(Short text fragments from websites)
<<<<

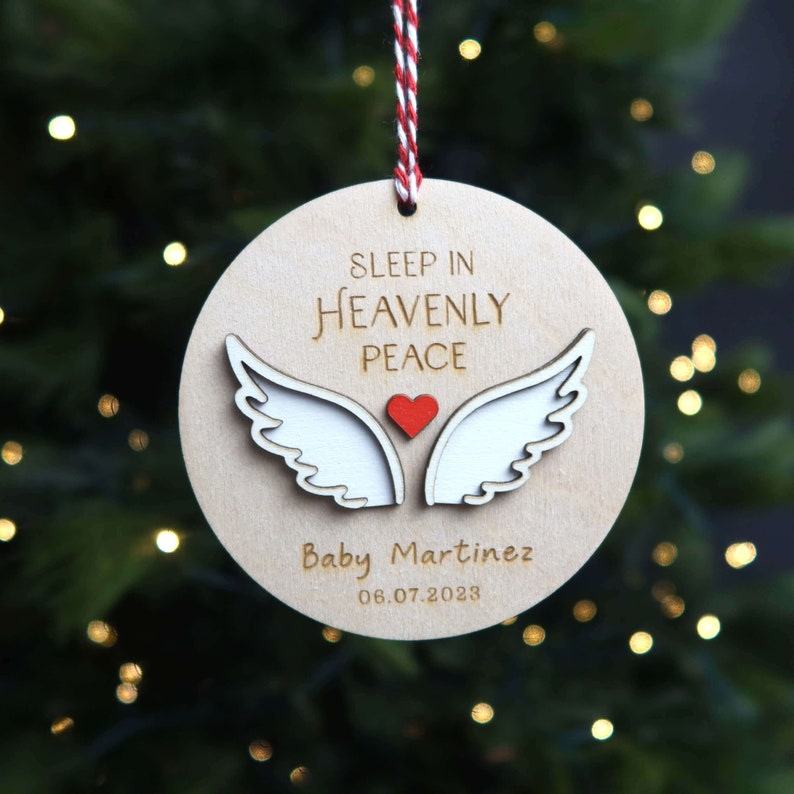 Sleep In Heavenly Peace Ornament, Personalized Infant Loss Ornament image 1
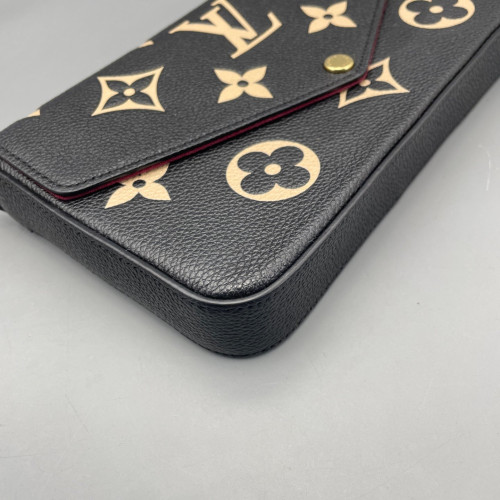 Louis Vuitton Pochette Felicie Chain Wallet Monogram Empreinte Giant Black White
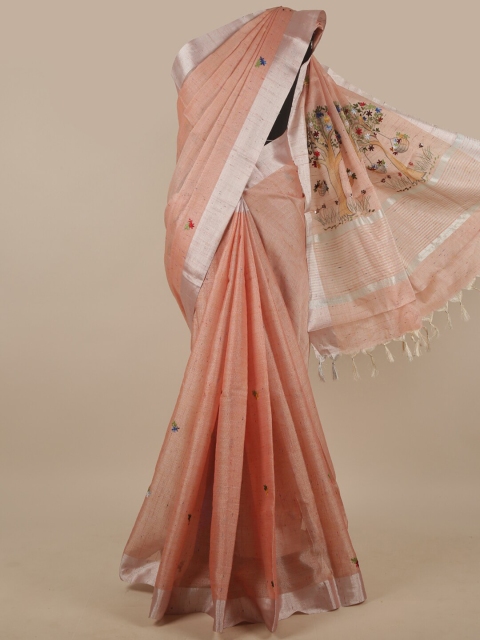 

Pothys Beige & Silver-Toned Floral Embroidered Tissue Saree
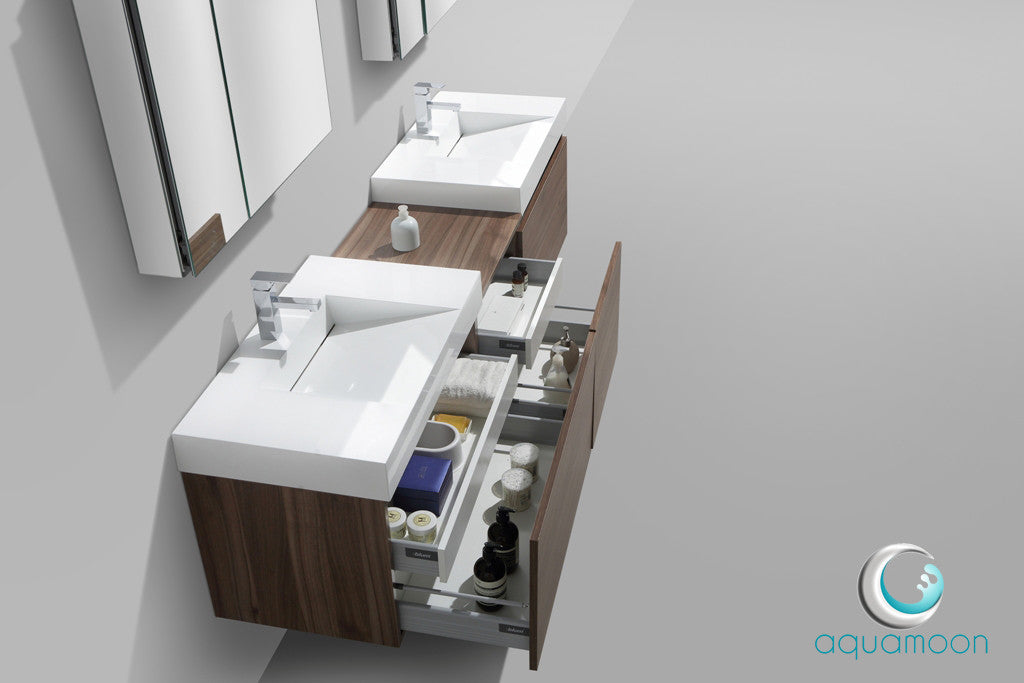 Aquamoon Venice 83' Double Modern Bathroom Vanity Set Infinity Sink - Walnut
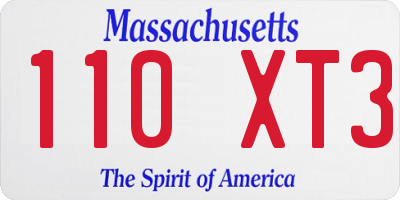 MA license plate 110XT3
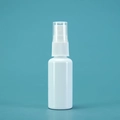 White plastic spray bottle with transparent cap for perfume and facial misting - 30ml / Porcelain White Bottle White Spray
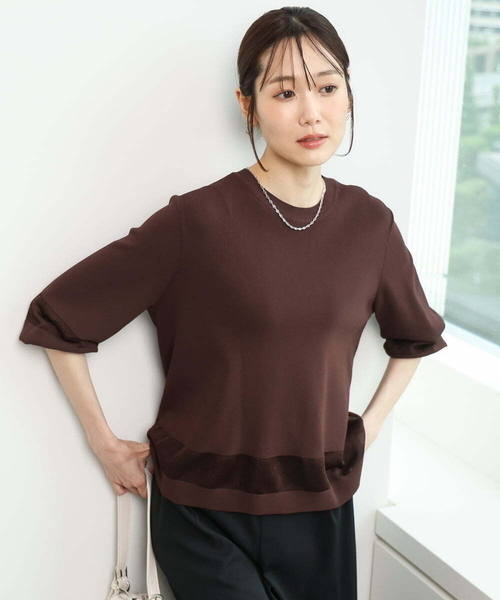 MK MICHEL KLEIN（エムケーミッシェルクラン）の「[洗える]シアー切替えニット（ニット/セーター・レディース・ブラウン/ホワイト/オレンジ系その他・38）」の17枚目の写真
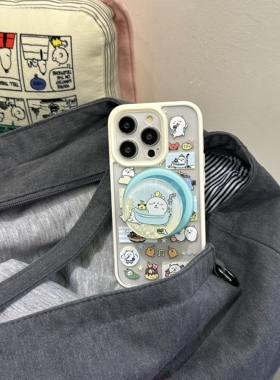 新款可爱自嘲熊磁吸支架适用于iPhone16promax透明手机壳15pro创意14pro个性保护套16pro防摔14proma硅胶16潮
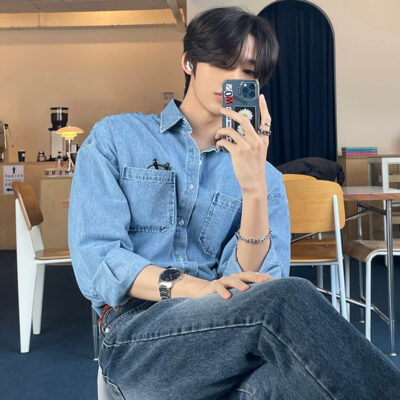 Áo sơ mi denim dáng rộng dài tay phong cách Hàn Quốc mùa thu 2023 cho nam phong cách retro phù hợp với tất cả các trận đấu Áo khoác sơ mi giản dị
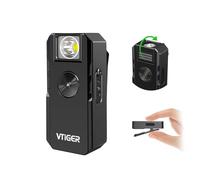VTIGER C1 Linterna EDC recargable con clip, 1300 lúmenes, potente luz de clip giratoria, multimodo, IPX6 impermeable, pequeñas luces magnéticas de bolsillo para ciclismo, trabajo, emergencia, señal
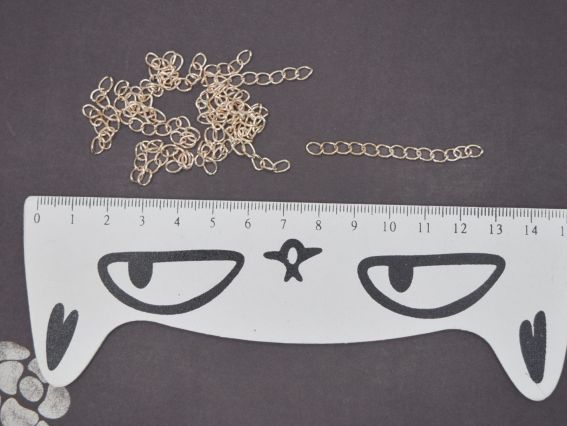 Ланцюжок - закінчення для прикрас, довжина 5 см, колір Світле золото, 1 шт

>>>>

_Assignment_
The pictures stay out; copy the rest of the data word for word.

_Exercise output_
 Sleep In Heavenly Peace Ornament, Personalized Infant Loss Ornament image 1
 Louis Vuitton Pochette Felicie Chain Wallet Monogram Empreinte Giant Black White

Pothys Beige & Silver-Toned Floral Embroidered Tissue Saree
 Aquamoon Venice 83' Double Modern Bathroom Vanity Set Infinity Sink - Walnut
 MA license plate 110XT3
 White plastic spray bottle with transparent cap for perfume and facial misting - 30ml / Porcelain White Bottle White Spray
 MK MICHEL KLEIN（エムケーミッシェルクラン）の「[洗える]シアー切替えニット（ニット/セーター・レディース・ブラウン/ホワイト/オレンジ系その他・38）」の17枚目の写真
 新款可爱自嘲熊磁吸支架适用于iPhone16promax透明手机壳15pro创意14pro个性保护套16pro防摔14proma硅胶16潮
 Áo sơ mi denim dáng rộng dài tay phong cách Hàn Quốc mùa thu 2023 cho nam phong cách retro phù hợp với tất cả các trận đấu Áo khoác sơ mi giản dị
VTIGER C1 Linterna EDC recargable con clip, 1300 lúmenes, potente luz de clip giratoria, multimodo, IPX6 impermeable, pequeñas luces magnéticas de bolsillo para ciclismo, trabajo, emergencia, señal
 Ланцюжок - закінчення для прикрас, довжина 5 см, колір Світле золото, 1 шт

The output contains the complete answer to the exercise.